What are the implications of this research for ethics? Huge, clearly. We can no longer draw the usual line between our own species and “the beasts,” a line meant to distinguish intelligence, emotion, and sentience from the dense life of a “brute beast.” Nor can we even draw a line between a group of animals we already recognize as sort of “like us” — apes, elephants, whales, dogs — and others who are supposed to be unintelligent. Intelligence takes multiple and fascinating forms in the real world, and birds, evolving by a very different path from humans, have converged on many similar abilities. Even an invertebrate such as the octopus has surprising capacities for intelligent perception: an octopus can recognize individual humans, and can solve complex problems, guiding one of its arms through a maze to obtain food using only its eyes. Once we recognize all this we can hardly be unchanged in our ethical thinking. To put a “brute beast” in a cage seems no more wrong than putting a rock in a terrarium. But that is not what we are doing. We are deforming the existence of intelligent and complexly sentient forms of life. Each of these animals strives for a flourishing life, and each has abilities, social and individual, that equip it to negotiate a decent life in a world that gives animals difficult challenges. What humans are doing is to thwart this striving — and this seems wrong.

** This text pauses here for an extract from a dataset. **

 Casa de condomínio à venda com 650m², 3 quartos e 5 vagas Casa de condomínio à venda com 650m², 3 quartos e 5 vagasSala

But even though the time has come to recognize our ethical responsibility to the other animals, we have few intellectual tools to effect meaningful change. The third reason why we must confront what we are doing to animals now, today, is that we have built a world in which two of humanity’s best tools for progress, law and political theory, have, so far, no or little help to offer us. Law — both domestic and international — has quite a lot to say about the lives of companion animals, but very little to say about any other animals. Nor do animals in most nations have what lawyers call “standing”: that is, the status to bring a legal claim if they are wronged. Of course, animals cannot themselves bring a legal claim, but neither can most humans, including children, people with cognitive disabilities — and, to tell the truth, almost everybody, since people have little knowledge of the law. All of us need a lawyer to press our claims. But all the humans I have mentioned — including people with lifelong cognitive disabilities — count, and can bring a legal claim, assisted by an able advocate. The way we have designed the world’s legal systems, animals do not have this simple privilege. They do not count.
Law is built by humans using the theories they have. When those theories were racist, laws were racist. When theories of sex and gender excluded women, so too did law. And there is no denying that most political thought by humans the world over has been human-centered, excluding animals. Even the theories that purport to offer help in the struggle against abuse are deeply defective, built on an inadequate picture of animal lives and animal striving. As a philosopher and political theorist who is also deeply immersed in law and law teaching, I hope to change things with this book.